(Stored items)
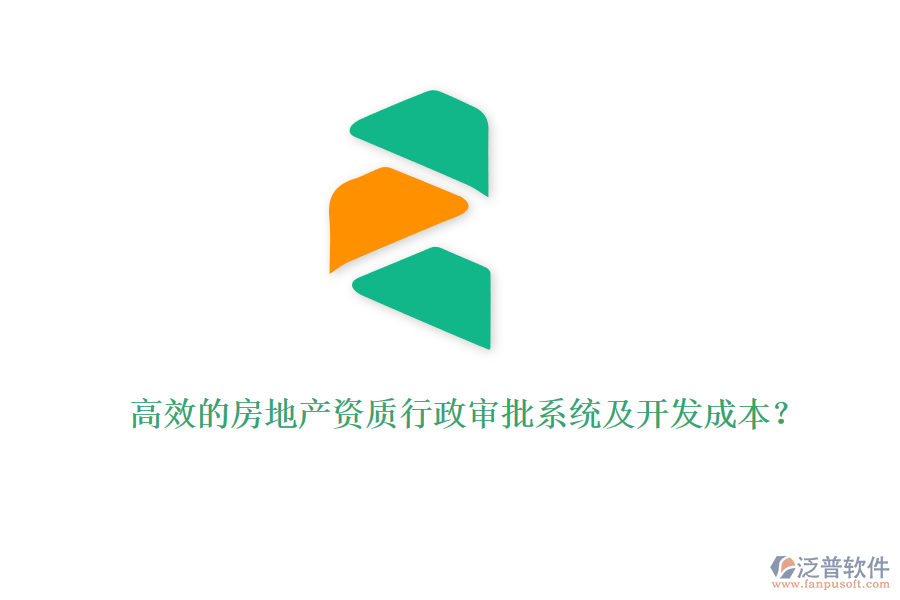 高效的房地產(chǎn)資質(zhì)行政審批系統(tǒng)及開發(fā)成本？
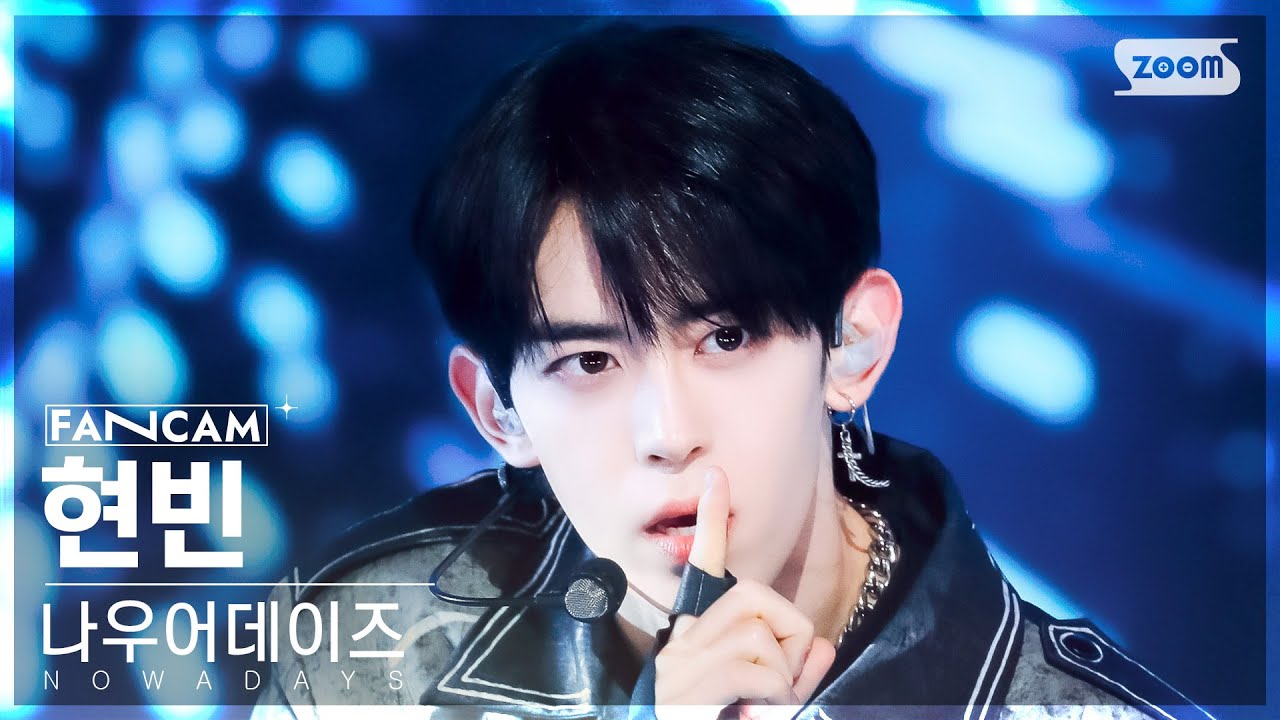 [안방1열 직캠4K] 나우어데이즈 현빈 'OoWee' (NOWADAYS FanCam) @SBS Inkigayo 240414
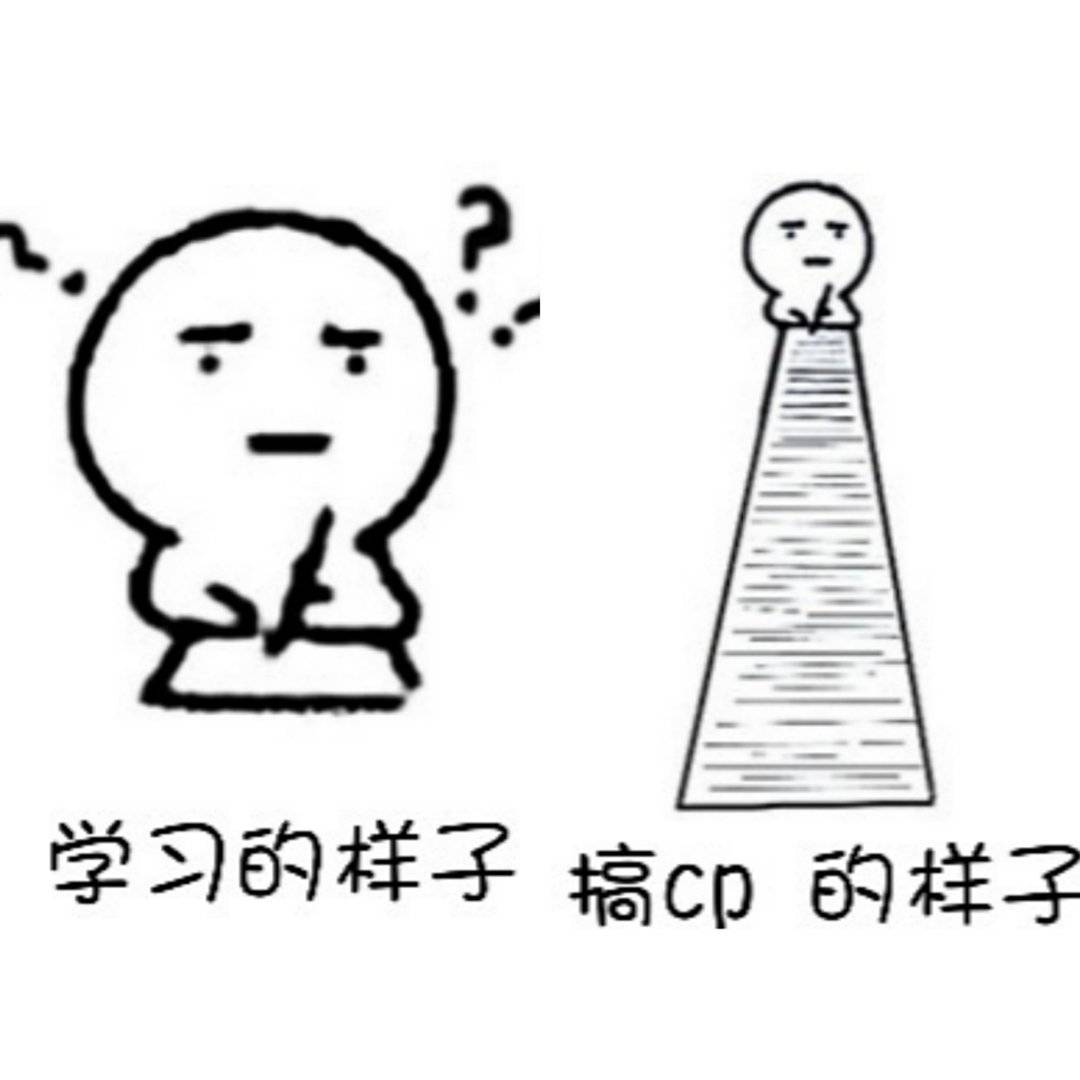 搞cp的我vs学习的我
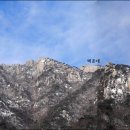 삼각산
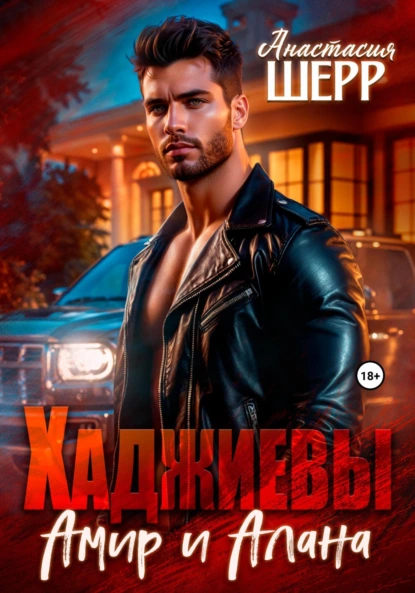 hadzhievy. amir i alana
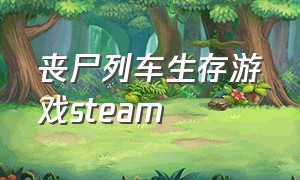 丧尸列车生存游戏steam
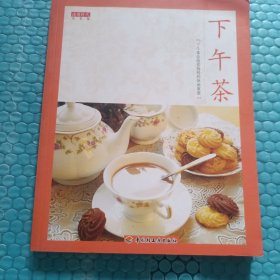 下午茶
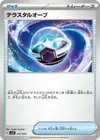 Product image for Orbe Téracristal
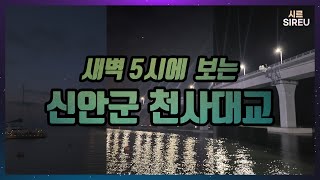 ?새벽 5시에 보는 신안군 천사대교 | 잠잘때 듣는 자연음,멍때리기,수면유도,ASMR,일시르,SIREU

• **Instructions for the task**
The reply must match the records exactly, apart from the pictures, which are left out.

• **Solution for this task**
 高效的房地產(chǎn)資質(zhì)行政審批系統(tǒng)及開發(fā)成本？
 [안방1열 직캠4K] 나우어데이즈 현빈 'OoWee' (NOWADAYS FanCam) @SBS Inkigayo 240414
 搞cp的我vs学习的我
 삼각산
 hadzhievy. amir i alana
 丧尸列车生存游戏steam
 下午茶
 Product image for Orbe Téracristal
 ?새벽 5시에 보는 신안군 천사대교 | 잠잘때 듣는 자연음,멍때리기,수면유도,ASMR,일시르,SIREU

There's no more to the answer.